Observação: O terceto fantástico se consolidou contra o que alega ser avanços indevidos e arbitrariedades da Lava-Jato. Ainda que Mendes se declare antipetista e os demais sejam próximas à petralhada, o acordo entre eles é “você salva os meus que eu salvo os seus”. No campo oposto ficam Fachin, Barroso, Fux, Cármen Lúcia e, eventualmente, Rosa Weber ― um grupo que partilha uma comunhão ideológica em prol de uma faxina na política e uma revolução no modo de fazer campanhas, atuar no parlamento e governar. Ambos os lados fazem seus lances de olho no lance seguinte, e Marco Aurélio, Celso de Mello e Alexandre de Moraes oscilam entre um campo outro.

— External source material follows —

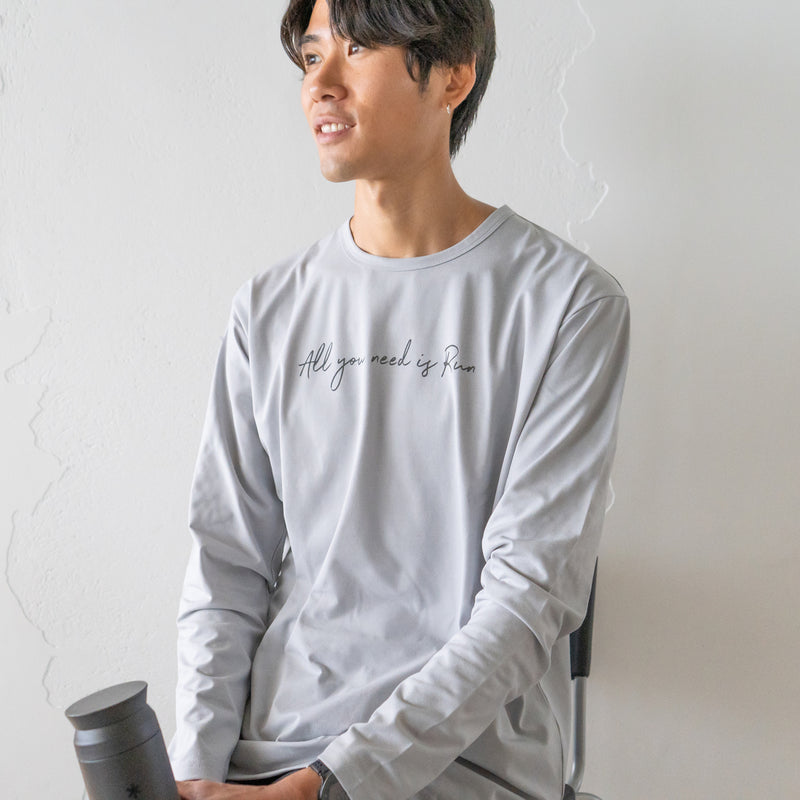 All you need is Run Reflector Logo Long-sleeve Tee (Ice Gray)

No piso intermediário fica o garantismo ― diz-se garantista o magistrado que garante a liberdade do réu até a dissipação da derradeira dúvida, a exemplo do ministro Marco Aurélio. Também há os garantistas de ocasião, que só o são quando o réu não é de tendência política contrária, mas isso já é outra conversa. No plano mais elevado situam-se as concepções sobre a natureza e o alcance da Constituição e do STF, e os três níveis da discórdia se fazem presentes, misturados, nas votações de 6 a 5 ou, no máximo, 7 a 4 que têm caracterizado o normal das sessões plenárias. Nas duas turmas, calhou de o trio assombro ficar reunido na segunda, deixando Fachin isolado ou, vez por outra, apoiado pelo decano da Corte. Aliás, as turmas ficaram conhecidas por apelidos: a primeira, que absolve sempre, é o Jardim do Éden, a segunda, que condena, é a Câmara de Gás.

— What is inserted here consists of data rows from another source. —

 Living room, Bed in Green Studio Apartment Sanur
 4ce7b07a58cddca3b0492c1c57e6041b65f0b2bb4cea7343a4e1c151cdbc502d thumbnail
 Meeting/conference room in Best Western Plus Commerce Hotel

Em setembro, Toffoli assumirá a presidência da Supremo (perspectiva assustadora, mas real). Consola o fato de que ele deixará a segunda turma, e Cármen Lúcia, que hoje é a presidente, assumirá seu lugar. Quando nada, a vida do ministro relator da Lava-Jato ficará menos espinhosa.

Haveria muito mais a dizer, mas vejo agora que este texto já superou (em muito) a extensão que eu considero aceitável. Para não cansar ainda mais o leitor, encerro por aqui.